Whether the soul is in the sperm.
How we have already declared that the powers," etc. About this sixteenth book he asks first whether the soul is in the sperm.
1. It seems that it is. For everything that has any consequent operations has a principle of these operations. But semen has operations, of which the soul is the principle, because it is nourished and grows and is moved, and these things are found only in animated things. Therefore, etc.
2. In addition, nothing acts except through that which is already in act. But the soul's active power is in the semen, and generation is of like from like. Therefore, the soul is in the semen in an act for which it is the power.
3. In addition, an eye that does not have the form of the eye is an eye only equivocally.

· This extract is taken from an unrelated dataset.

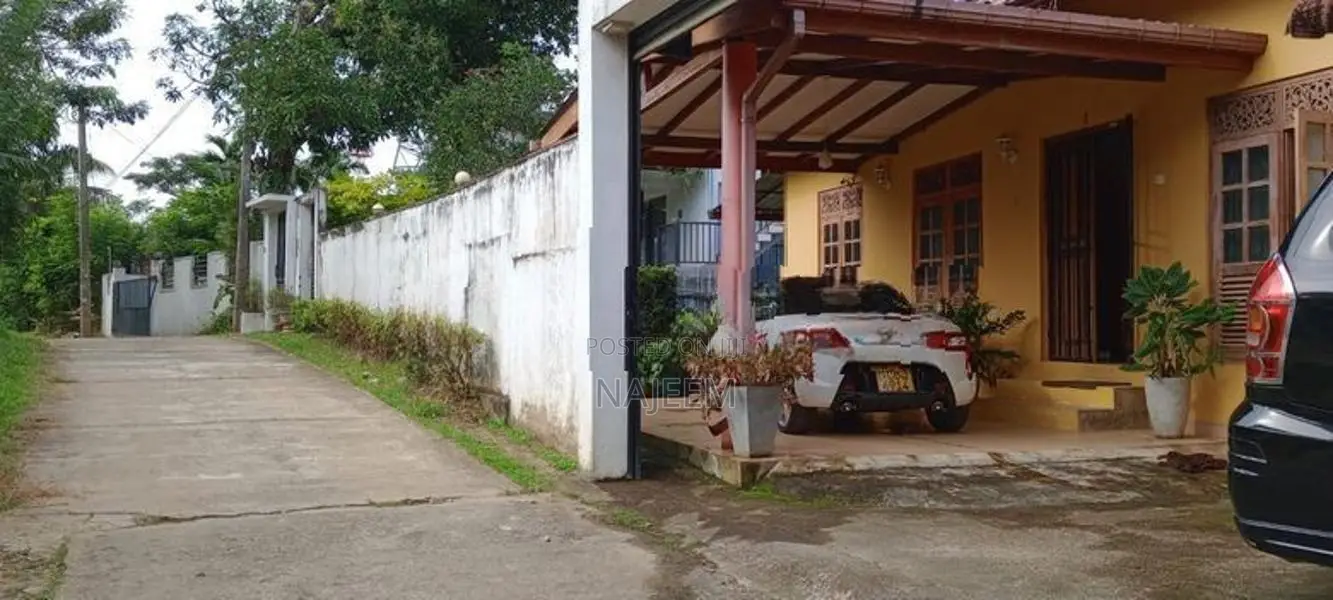 House for Sale Peradeniya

By the same reasoning, then, if the semen does not have soul (which is the principle of these operations and the source for these powers [ potentiae]the augmentative, nutritive, and generative), then it is semen equivocally because these are found in semen just as sight is in the eye.
4. In addition, "complete" and "incomplete" do not distinguish essence or species. But semen is related to the animal as something incomplete is to one complete. Therefore, these do not distinguish them in essence. But this would not be so if the semen did not have the soul; therefore, etc.
The Philosopher says the opposite, for he says that the soul is not in the semen in act but only in potency.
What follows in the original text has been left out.